# Example: Swiss Referenda

We propose in this notebook an example of how to use the `predikon` library to make vote predictions.
The data is a subsample (10%) of Swiss referenda results.
The full dataset can be found in the [submatrix-factorization](https://github.com/indy-lab/submatrix-factorization/blob/master/data/munvoteinfo.pkl) repo.

## Imports

In [1]:
import numpy as np
from predikon import LogisticSubSVD, GaussianSubSVD, WeightedAveraging

DATA_PATH = '../tests/data/'

## Load Data

Each entry `data[i,j]` is the percentage of "yes" in region `i` for referendum `j`.
A region in this dataset is a Swiss municipality.
The `weights` are the number of valid votes in each municipality.
The `outcomes` are the aggregate national outcomes for each referendum.

In [2]:
data = np.loadtxt(f'{DATA_PATH}/data.csv', dtype=np.float, delimiter=',')
weights = np.loadtxt(f'{DATA_PATH}/weights.csv', dtype=np.int, delimiter=',')
outcomes = np.loadtxt(f'{DATA_PATH}/outcomes.csv', dtype=np.float, delimiter=',')

## Prepare Data

The matrix `Y` contains historical data up to vote `V`.
The vector `y` contains the vote results for the vote we would like to make predictions.

In [3]:
Y, y = data[:, :-1], data[:, -1]
ytrue = outcomes[-1]
R, V = Y.shape
print(f'Number of regions: {R:>3}')
print(f'Number of votes:   {V:>3}')

Number of regions: 217
Number of votes:    31


## Set Observations

Set which regions are observed.
The unobserved regional results are `nan`.

In [4]:
# Fix the seed for reproducibility.
np.random.seed(200)
# Random permutation of the regions.
inds = np.random.permutation(R)
# Proportion of observed results.
p = 0.1
# Number of observations (10 %).
n = int(np.ceil(R * p))
# Set observations.
obs = inds[:n]
# Define new vector of (partial) regional results.
ynew = np.array([np.nan] * R)
ynew[obs] = y[obs]

## Evaluate Models

We evaluate three models:
1. A weighted average baseline
2. Our algorithm with a Gaussian likelihood
3. Our algorithm with a Bernoulli likelihood

We set the latent dimensions `D=10` and the regularizer `reg=1e-5`.
We report the predicted aggregated outcome, and we compare it against the true aggregate outcome.
An aggregate outcome is the weighted average of the regional observations and the regional predictions, where the weight is the number of valid votes in each region.

In [5]:
# Hyperparameters: number of latent dimensions and regularizers.
D, reg = 10, 1e-5
# Define models.
base = WeightedAveraging(Y, weighting=weights)
gaus = GaussianSubSVD(Y, weighting=weights, n_dim=D, add_bias=True, l2_reg=reg)
bern = LogisticSubSVD(Y, weighting=weights, n_dim=D, add_bias=True, l2_reg=reg)
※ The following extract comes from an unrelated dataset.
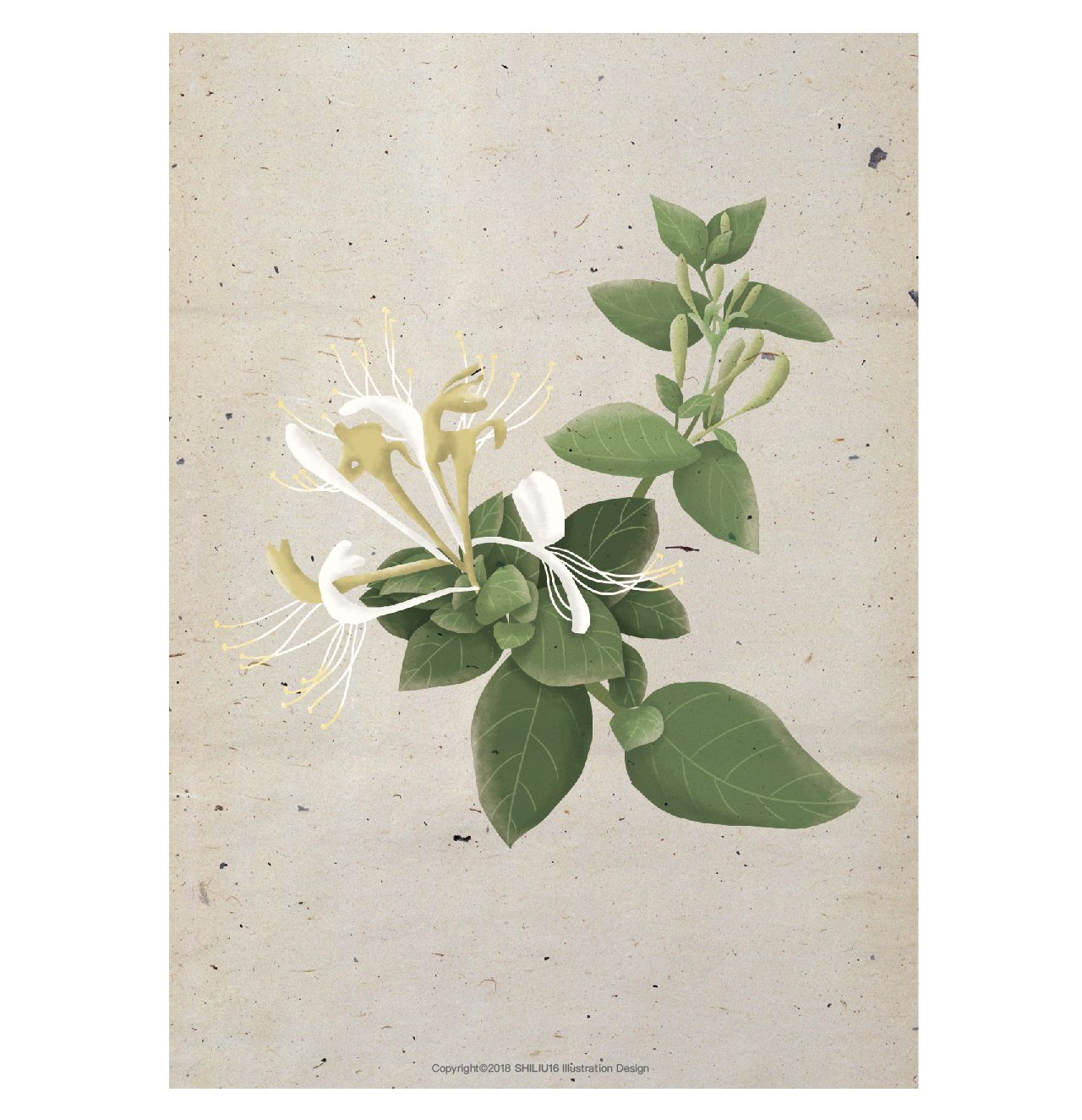 去除鼻子黑头粉刺的清理过程,激光去除粉刺黑头效果怎么样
for model in [base, gaus, bern]:
    print(model)
    # Predict missing results.
    pred = model.fit_predict(ynew)
    # Compute aggregate outcome. 
    ypred = 1/np.sum(weights) * np.sum(weights.dot(pred))
    print(f'  Predicted outcome: {ypred*100:.2f}%')
    print(f'  True outcome:      {ytrue*100:.2f}%')
    print(f'  Absolute diff.:    {np.abs(ypred - ytrue)*100:.4f}\n')

Weighted Averaging
  Predicted outcome: 52.13%
  True outcome:      55.67%
  Absolute diff.:    3.5426

GaussianSubSVD (dim=10,l2=1e-05)
  Predicted outcome: 54.32%
  True outcome:      55.67%
  Absolute diff.:    1.3529

Logistic SubSVD (dim=10,l2=1e-05)
  Predicted outcome: 54.30%
  True outcome:      55.67%
  Absolute diff.:    1.3713